= Problem details =
Each line from the one containing "رقم بصره عندي وكاله عامه بيها تحويل ثاني يوم" to the end of the entries below is to be set down exactly; the pictures are not.

= Crawled caption data =
┄┄┄┄┄┄┄┄┄┄

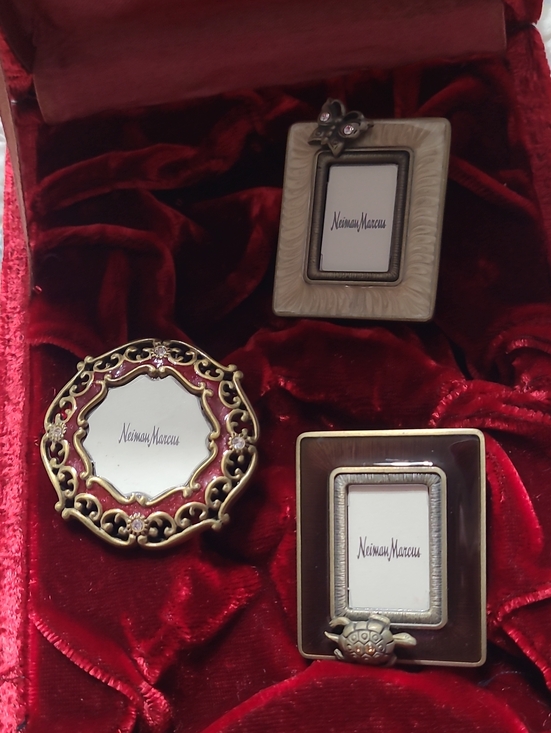 Neiman Marcus Other - Neiman Marcus Red & Gold Ornate Round Mini Frame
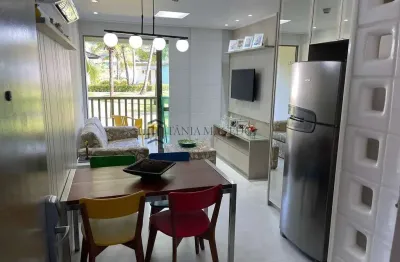 Flat à venda com 46m², varanda, quarto, sala, cozinha, com vista para as piscinas e próximo à praia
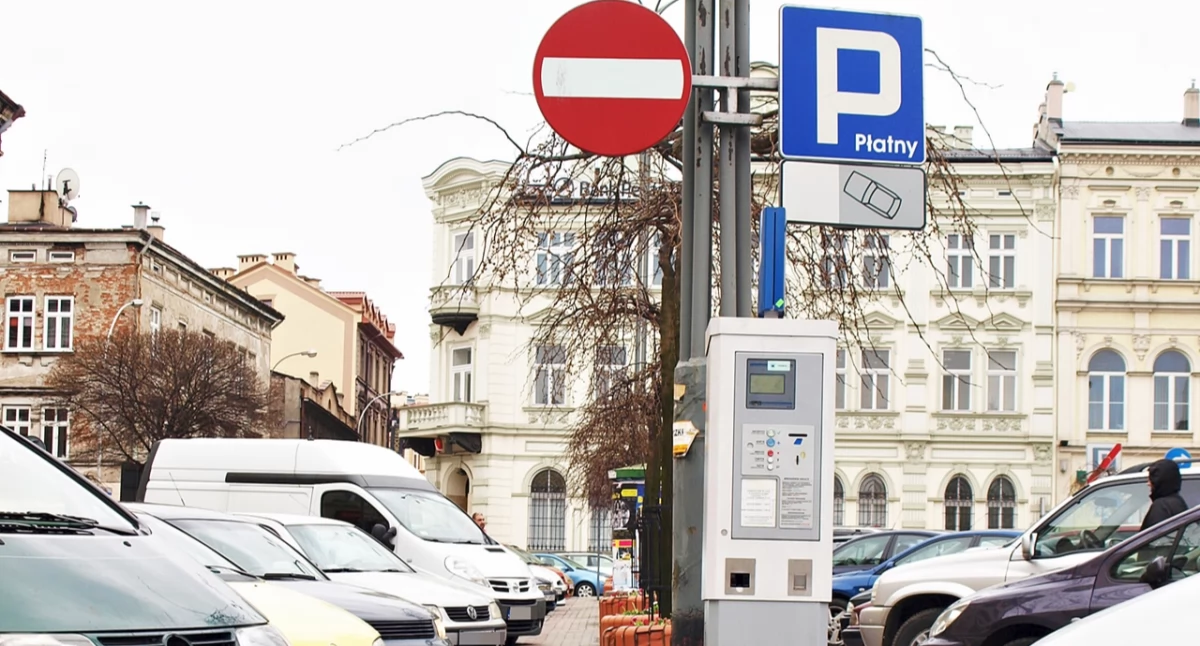 Stało się. Radni przegłosowali podwyżkę opłat za parkingi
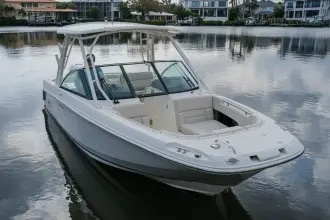 Thumbnail von Boston Whaler 230 Vantage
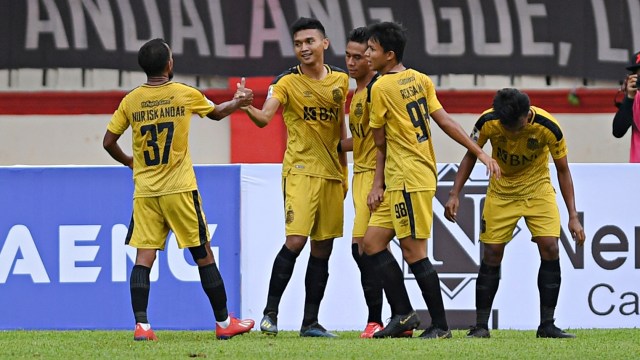Pesepak bola Bhayangkara FC Dendy Sulistyawan melakukan selebrasi bersama rekannya. Foto: Antara/Wahyu Putro A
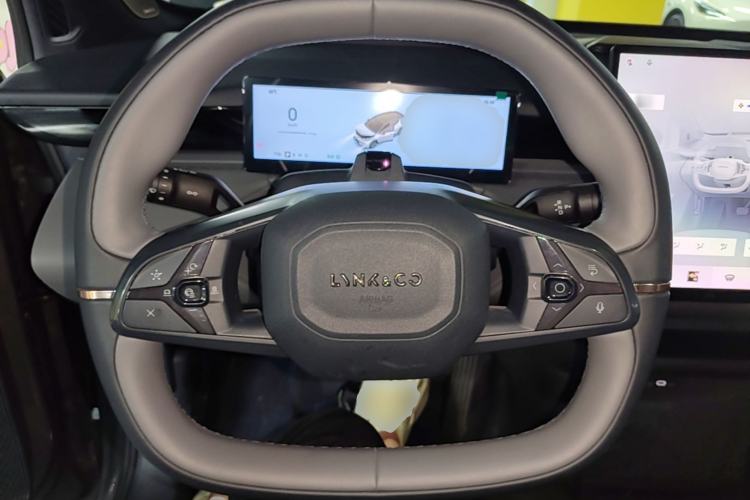 Used Lynk & Co Z20 2025 530 km Range Rear-Wheel Drive Max Steering Wheel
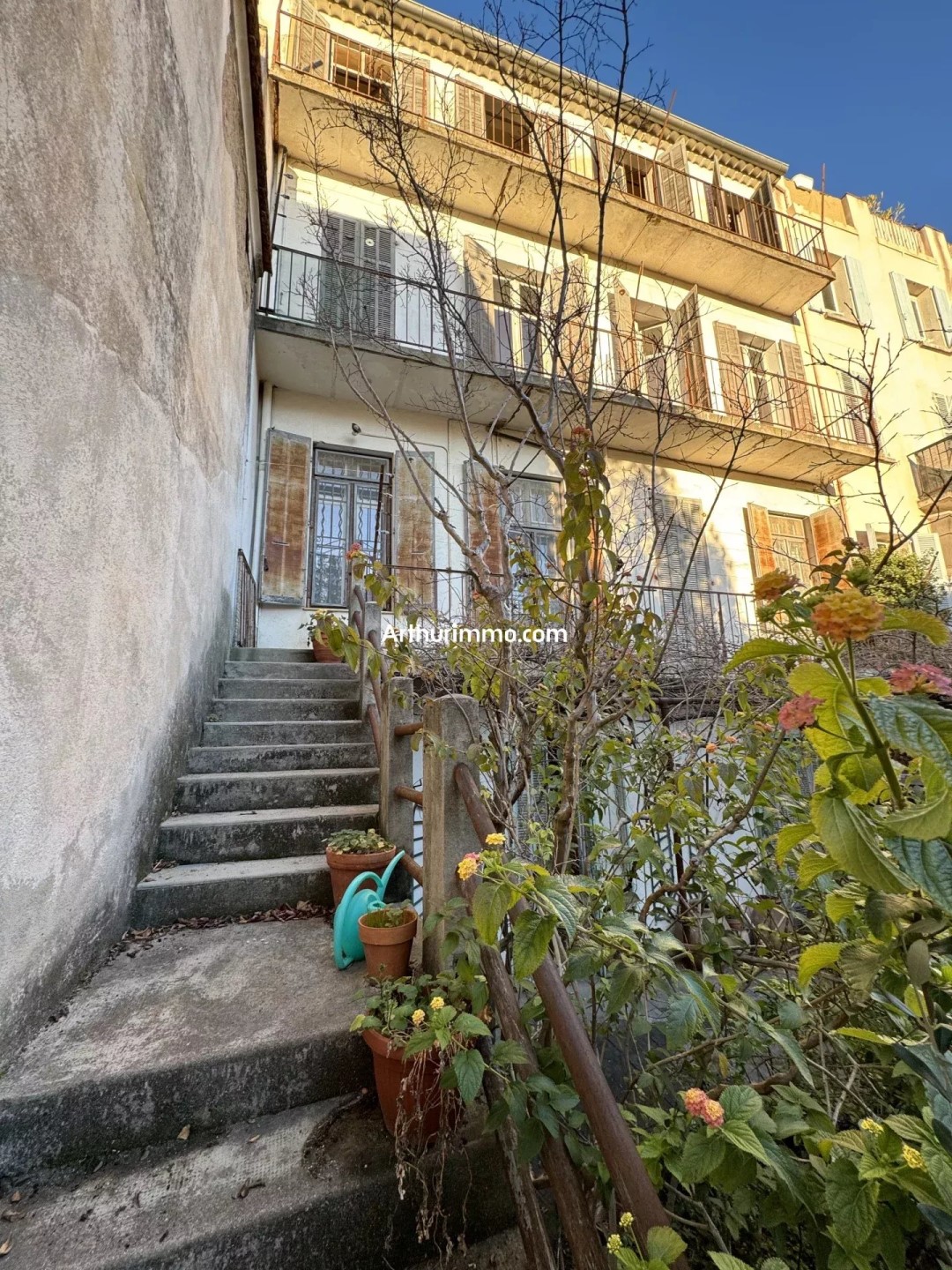 Stadswoning te koop in Boulevars-Gare-Saint Leger-Chabrand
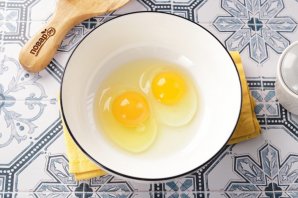 Блины из кукурузной муки - фото шаг 2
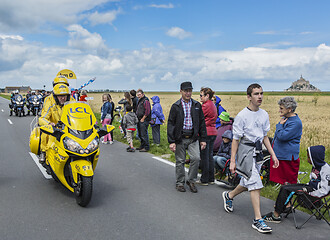 Image showing The Yellow Bike at the Start of Tour de France 2016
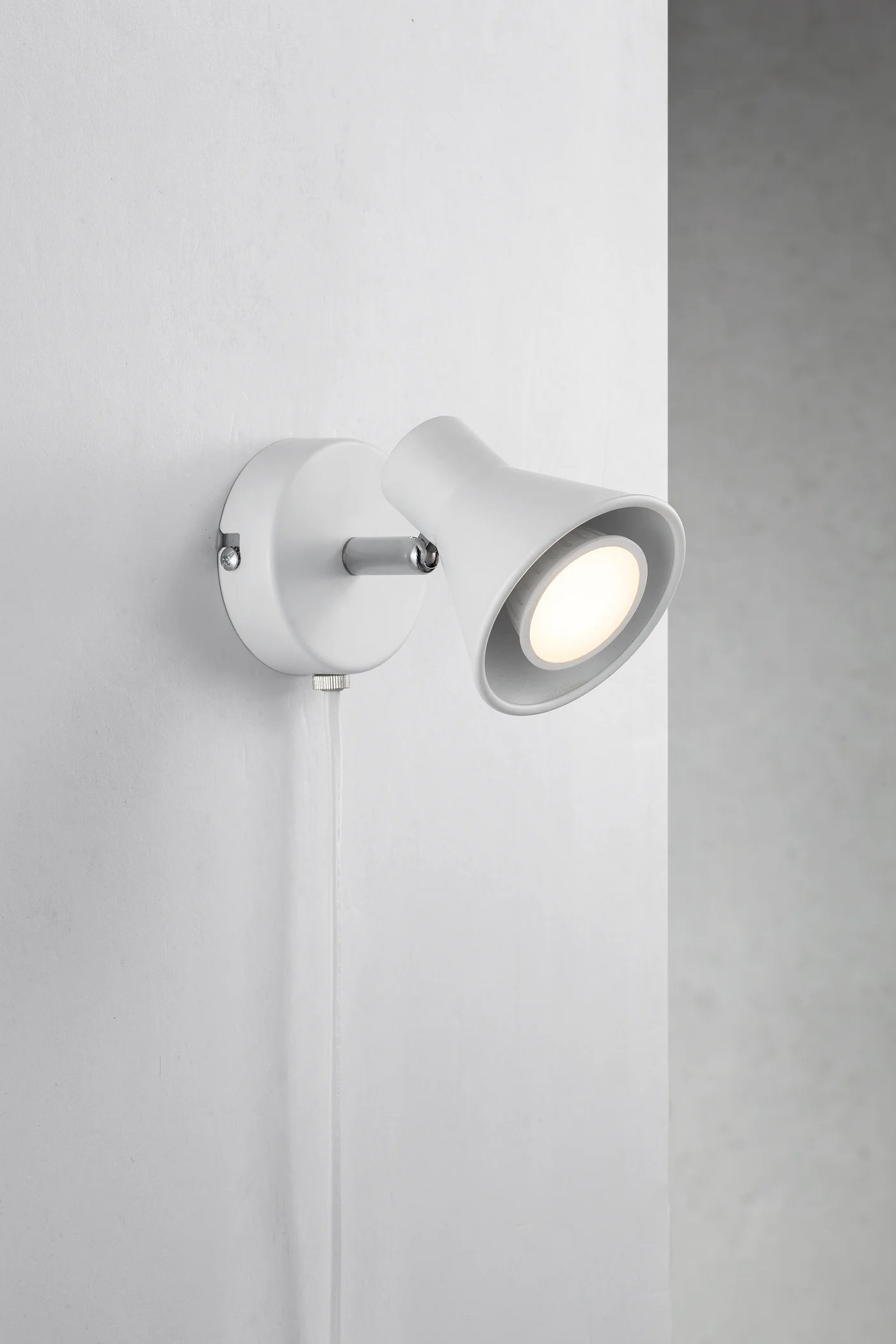Applique murale Eik au design contemporain par Nordlux Applique murale Eik au design contemporain par Nordlux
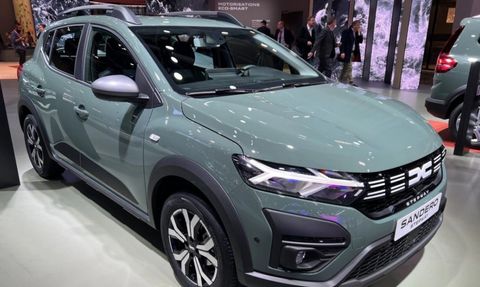 Dacia Sandero Stepway: Pratik ve Ekonomik Bir Tercih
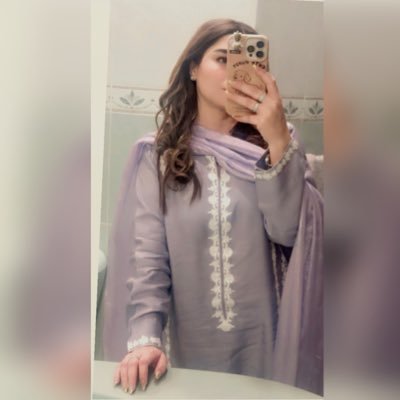 unfunny_aurat_'s profile picture. I wish my life had a background music so I could understand what the hell is going on. Die hard fan of NFAK. #FreePalestine🇵🇸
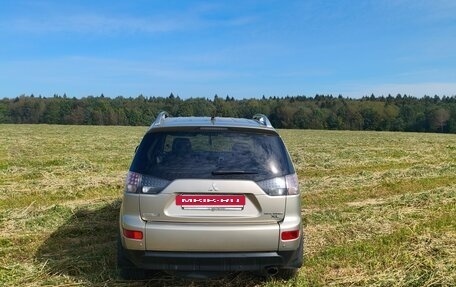 Mitsubishi Outlander III рестайлинг 3, 2008 год, 950 000 рублей, 6 фотография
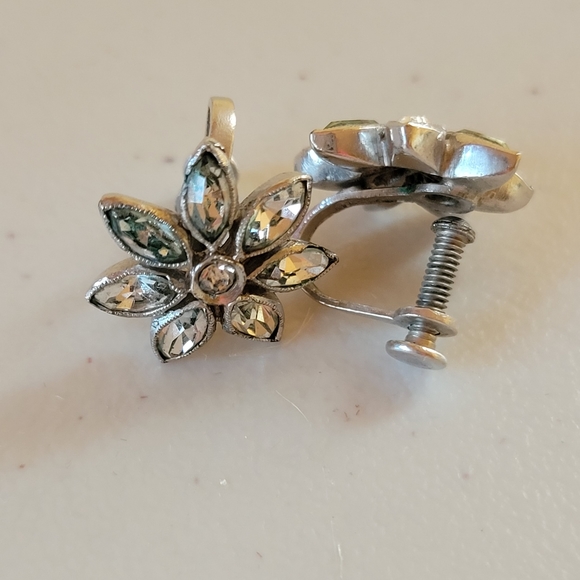 Vintage Rhinestone Crystal Flower Earrings Screwback - Picture 3 of 3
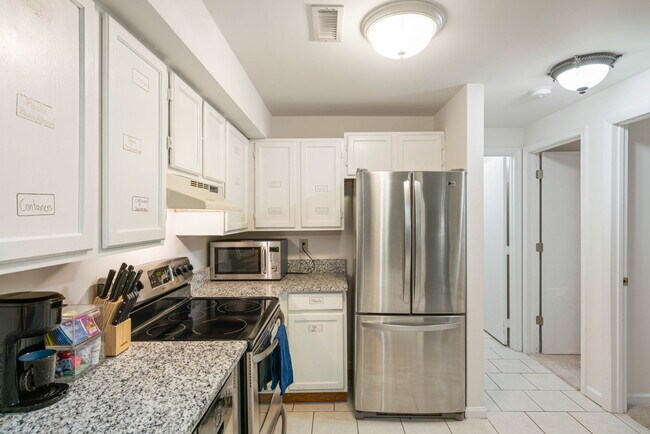 Building Photo - 102 Chesterfield Ln
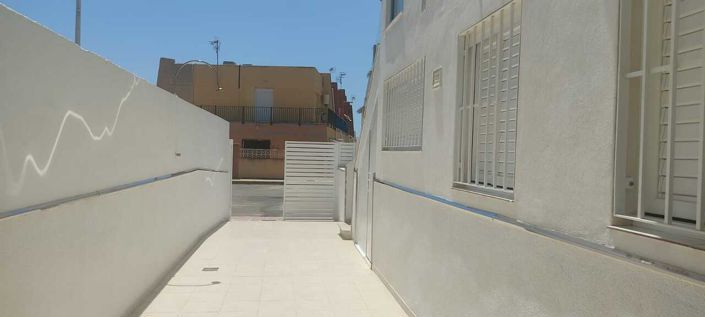 Image No.4-3 Bed Property for sale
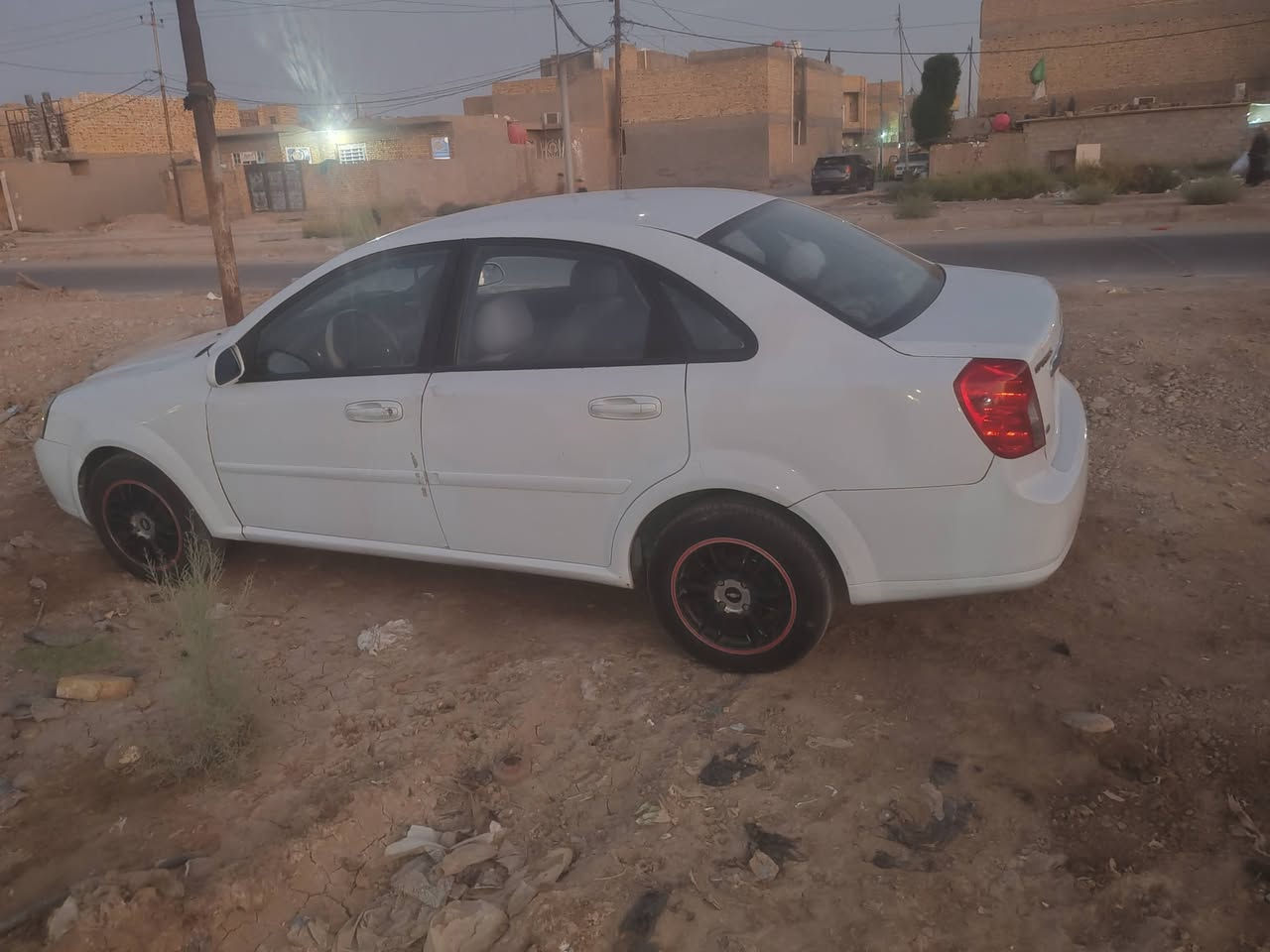 اوبتره 
موديل 2011
رقم بصره عندي وكاله عامه بيها تحويل ثاني يوم 
مكينه كايمه ابيع كوم حديد 
تبريد شعال 
السياره جاهزه بس المكينه كايمه 
العنوان الكوت زين القوس 
+السعر 55 وبيها مجال بسيط 
الاستفسار ***********
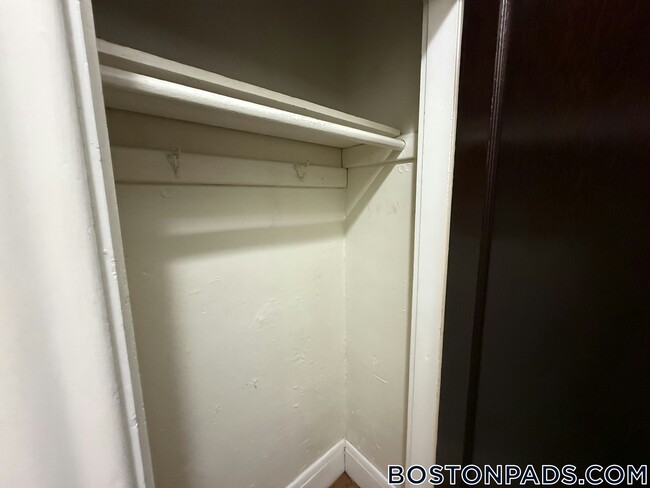 Foto del edificio - 349 Pleasant St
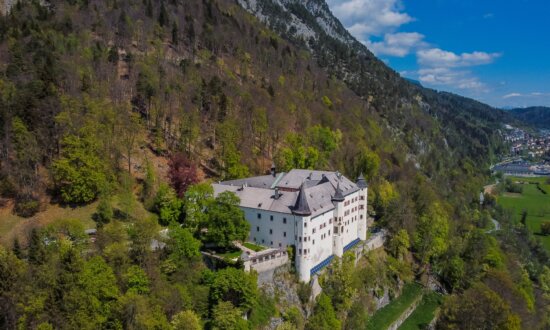 Tratzberg Castle: A Living Legend in the Tyrolean Alps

┄┄┄┄┄┄┄┄┄┄

= Answer for the task =
رقم بصره عندي وكاله عامه بيها تحويل ثاني يوم 
مكينه كايمه ابيع كوم حديد 
تبريد شعال 
السياره جاهزه بس المكينه كايمه 
العنوان الكوت زين القوس 
+السعر 55 وبيها مجال بسيط 
الاستفسار ***********
 Foto del edificio - 349 Pleasant St
 Tratzberg Castle: A Living Legend in the Tyrolean Alps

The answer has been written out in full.